More than 100 people packed into the Camas Library Monday night to hear Matthew Erlich, a speaker for the Seattle-based Holocaust Center for Humanity, tell his mother’s incredible tale of perseverance and survival in the face of Nazi death camps.

“My mother died in 2009 of lung cancer,” Erlich told the crowd at the beginning of his presentation. “The doctors said she had six months to live, but she lived six years. By the end of this discussion, that will be no surprise to any of you.”

Indeed, no one could question Felicia Erlich’s will to survive. Born Felicia Lewkowicz on June 21, 1924, Erlich’s mother grew up in Poland with her three brothers and three sisters, parents Rozalia and Zygmund, and Polish-speaking, Christian nanny, Helcha.

The nanny’s details are important, Erlich said Monday night, because it meant his mother, unlike most Jewish children living in Poland in the 1920s and 1930s, grew up speaking Polish and understanding Christian holidays. Felicia also learned to speak German, Ukrainian and French. “Felicia grew up without a Yiddish accent,” Erlich said. “This later proved to save her life.”

Showing his family’s portrait in 1937, Erlich points out his grandmother, Rozalia. Like her daughter, Felicia, Rozalia was not a woman who gave in to fear. When a Nazi soldier bumped into her one day and hissed, “Out of my way, Jew,” Erlich’s grandmother looked him in the eye and responded, “My name is Rozalia.”

“She could have been killed,” Erlich said, testifying to his grandmother’s bravery. “That was a shootable offense.”

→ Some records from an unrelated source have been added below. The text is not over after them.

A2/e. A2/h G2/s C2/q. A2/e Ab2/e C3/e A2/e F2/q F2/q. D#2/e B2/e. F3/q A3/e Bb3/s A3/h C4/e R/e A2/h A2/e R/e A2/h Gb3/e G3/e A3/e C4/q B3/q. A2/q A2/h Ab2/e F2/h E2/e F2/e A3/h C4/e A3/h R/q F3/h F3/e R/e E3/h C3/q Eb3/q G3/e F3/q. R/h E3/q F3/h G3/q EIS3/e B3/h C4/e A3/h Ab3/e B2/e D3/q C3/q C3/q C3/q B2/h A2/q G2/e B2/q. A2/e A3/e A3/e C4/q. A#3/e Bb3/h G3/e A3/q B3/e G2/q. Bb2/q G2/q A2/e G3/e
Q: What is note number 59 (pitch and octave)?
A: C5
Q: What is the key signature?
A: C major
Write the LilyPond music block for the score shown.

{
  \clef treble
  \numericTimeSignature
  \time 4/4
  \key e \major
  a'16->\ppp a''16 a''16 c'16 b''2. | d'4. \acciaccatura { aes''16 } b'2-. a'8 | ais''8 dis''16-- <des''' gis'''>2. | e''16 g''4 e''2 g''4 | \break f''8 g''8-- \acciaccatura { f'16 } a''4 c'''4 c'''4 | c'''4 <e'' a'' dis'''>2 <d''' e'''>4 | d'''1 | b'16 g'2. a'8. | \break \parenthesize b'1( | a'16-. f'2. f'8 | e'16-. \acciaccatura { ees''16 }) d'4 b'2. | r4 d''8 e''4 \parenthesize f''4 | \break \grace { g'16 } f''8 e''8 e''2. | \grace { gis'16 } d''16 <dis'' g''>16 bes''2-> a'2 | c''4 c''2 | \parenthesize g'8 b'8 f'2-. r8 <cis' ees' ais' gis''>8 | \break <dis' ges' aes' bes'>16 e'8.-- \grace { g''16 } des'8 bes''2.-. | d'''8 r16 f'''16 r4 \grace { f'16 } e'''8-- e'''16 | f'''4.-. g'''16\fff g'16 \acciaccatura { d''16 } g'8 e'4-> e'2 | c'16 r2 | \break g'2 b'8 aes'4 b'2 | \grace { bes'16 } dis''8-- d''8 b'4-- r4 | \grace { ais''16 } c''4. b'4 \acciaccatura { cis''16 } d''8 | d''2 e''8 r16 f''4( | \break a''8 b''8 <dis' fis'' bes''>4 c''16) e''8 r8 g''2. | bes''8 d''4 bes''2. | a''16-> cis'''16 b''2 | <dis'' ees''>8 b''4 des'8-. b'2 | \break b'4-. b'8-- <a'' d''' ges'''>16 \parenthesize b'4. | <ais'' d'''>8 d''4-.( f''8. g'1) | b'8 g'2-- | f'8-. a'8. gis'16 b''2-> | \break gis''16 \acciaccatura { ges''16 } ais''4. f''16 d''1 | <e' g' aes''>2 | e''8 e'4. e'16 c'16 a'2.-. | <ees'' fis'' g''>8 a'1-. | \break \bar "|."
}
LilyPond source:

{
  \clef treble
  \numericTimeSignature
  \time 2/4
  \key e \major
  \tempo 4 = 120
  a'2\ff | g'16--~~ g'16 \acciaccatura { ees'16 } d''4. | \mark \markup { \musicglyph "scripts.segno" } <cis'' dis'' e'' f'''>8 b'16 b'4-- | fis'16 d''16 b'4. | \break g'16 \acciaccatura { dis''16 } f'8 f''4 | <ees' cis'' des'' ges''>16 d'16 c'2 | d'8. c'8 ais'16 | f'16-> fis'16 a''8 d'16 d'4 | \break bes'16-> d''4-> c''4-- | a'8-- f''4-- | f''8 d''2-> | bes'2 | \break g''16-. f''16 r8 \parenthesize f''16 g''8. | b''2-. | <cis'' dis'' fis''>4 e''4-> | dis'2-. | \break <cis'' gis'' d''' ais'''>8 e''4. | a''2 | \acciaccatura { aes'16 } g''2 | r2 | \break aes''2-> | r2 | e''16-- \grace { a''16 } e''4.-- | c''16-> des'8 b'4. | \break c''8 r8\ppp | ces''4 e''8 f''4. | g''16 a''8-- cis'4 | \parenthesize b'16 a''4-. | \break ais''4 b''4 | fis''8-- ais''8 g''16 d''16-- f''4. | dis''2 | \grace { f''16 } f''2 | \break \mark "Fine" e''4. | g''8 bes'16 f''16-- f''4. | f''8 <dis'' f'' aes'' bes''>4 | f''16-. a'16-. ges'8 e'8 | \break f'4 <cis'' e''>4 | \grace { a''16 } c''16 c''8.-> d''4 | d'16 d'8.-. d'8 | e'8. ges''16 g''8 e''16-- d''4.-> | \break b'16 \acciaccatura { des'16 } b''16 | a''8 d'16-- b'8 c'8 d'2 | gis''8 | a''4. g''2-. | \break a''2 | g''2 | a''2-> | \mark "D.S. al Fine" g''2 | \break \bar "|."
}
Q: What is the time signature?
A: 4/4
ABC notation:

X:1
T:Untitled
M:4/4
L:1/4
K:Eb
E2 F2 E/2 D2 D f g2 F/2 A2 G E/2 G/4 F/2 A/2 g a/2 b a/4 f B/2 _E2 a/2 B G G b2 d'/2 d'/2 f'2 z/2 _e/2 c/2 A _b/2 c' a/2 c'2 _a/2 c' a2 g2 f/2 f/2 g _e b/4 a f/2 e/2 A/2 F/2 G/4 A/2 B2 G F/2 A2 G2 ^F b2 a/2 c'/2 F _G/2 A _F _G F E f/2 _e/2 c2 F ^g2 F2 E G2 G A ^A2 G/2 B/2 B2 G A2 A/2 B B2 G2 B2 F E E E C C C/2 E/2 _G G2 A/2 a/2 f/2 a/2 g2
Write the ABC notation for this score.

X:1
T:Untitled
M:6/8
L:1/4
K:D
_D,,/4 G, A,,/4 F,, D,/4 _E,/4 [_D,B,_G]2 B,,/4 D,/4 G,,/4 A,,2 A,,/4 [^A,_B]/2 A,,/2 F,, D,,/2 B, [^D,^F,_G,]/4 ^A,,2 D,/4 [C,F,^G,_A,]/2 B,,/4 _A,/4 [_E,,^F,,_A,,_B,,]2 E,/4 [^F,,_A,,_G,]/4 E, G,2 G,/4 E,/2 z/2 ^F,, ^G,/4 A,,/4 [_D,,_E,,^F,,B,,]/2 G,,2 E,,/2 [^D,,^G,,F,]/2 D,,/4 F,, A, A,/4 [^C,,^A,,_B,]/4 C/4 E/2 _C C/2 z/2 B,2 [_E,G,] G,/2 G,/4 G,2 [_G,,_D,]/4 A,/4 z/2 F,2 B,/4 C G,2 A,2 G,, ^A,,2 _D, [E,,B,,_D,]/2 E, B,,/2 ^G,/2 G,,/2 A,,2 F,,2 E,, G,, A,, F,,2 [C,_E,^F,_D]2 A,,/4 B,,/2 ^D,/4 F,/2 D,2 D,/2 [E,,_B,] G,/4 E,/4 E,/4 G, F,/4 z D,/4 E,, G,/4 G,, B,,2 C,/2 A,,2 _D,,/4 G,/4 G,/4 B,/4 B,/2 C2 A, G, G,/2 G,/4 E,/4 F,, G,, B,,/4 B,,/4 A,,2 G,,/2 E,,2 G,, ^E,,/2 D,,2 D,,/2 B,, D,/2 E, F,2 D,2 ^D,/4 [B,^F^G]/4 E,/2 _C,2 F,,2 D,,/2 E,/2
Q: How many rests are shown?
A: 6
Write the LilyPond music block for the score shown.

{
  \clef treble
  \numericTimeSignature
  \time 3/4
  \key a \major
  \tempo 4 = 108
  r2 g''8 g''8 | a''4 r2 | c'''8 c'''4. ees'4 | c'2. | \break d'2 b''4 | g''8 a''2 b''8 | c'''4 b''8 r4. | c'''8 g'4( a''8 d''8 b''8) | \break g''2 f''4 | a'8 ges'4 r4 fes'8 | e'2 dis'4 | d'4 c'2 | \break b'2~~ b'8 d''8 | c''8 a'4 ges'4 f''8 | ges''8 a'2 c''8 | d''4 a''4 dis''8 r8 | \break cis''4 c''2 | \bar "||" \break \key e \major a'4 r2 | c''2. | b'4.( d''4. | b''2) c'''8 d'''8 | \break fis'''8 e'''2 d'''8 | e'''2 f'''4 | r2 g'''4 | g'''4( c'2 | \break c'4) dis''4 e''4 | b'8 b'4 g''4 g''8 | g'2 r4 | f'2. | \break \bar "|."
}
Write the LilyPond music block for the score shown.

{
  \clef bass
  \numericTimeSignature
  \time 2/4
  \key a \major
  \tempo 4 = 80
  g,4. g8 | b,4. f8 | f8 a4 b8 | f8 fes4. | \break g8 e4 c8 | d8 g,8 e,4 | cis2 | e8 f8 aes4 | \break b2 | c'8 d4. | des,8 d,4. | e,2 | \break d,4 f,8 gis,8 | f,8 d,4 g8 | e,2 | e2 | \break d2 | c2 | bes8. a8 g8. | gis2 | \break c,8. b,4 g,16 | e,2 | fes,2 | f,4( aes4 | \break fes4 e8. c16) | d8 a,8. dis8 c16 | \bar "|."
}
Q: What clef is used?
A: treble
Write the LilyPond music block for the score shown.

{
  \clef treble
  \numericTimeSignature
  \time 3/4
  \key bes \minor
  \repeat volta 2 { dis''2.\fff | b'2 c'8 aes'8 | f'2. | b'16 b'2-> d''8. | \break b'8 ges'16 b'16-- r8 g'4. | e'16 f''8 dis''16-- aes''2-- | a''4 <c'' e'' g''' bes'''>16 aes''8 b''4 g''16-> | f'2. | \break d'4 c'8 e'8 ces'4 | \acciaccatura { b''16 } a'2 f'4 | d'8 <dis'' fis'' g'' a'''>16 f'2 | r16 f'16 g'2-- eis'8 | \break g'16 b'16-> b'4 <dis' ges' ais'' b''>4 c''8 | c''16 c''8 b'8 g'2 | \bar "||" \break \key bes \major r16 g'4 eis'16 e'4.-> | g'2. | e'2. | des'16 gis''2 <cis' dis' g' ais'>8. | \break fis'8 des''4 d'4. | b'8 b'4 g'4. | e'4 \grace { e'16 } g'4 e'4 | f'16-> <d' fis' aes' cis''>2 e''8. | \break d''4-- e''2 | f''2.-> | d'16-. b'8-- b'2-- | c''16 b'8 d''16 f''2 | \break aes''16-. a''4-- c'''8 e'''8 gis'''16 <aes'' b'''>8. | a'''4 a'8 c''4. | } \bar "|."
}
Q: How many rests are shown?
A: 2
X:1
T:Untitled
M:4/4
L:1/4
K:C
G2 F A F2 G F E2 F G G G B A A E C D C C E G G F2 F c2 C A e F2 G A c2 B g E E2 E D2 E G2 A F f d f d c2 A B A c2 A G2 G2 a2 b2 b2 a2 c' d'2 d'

Erlich’s mother, Felicia, spent her later teen years in terrifying conditions. By the time she was 17, her family, along with all Jewish families in Nazi-occupied Poland, had been forced out of their homes and into walled, overcrowded ghettos. Erlich’s mother, Felicia, went to the Krakow Ghetto with one of her three brothers. The rest of her family went to Tarnow, about 70 miles away.

“The Nazis were dividing families from the start,” Erlich explained. “They understood that, if they split families, it would make them weaker.”

In his notes, Erlich writes that Tarnow was a town that had been half Jewish. “It was occupied in September of 1939, the synagogues burned (and) many Jews were drafted into forced labor. Almost all Jews (were) killed by end of war,” he writes.

In pre-war photos, Erlich shows his mother’s large family intact with his grandparents and their seven children. In a post-war photo of his family, only Felicia remains.

“My mother, along with her sister, Lola, who had gone to Paris by this point, were the only survivors,” Erlich said.

In the Krakow Ghetto, Erlich’s mother was one of the “lucky” ones who could work outside the ghetto walls. This benefit helped her escape for a short time. She left the ghetto and traveled to Vienna by train. Erlich said this was one of many instances when strangers helped his mother for unknown reasons. On the train to Vienna, as conductors made their way through the seats, checking tickets, Felicia appealed to two young soldiers — Nazi soldiers — asking them to help her avoid the conductors, as she had no ticket.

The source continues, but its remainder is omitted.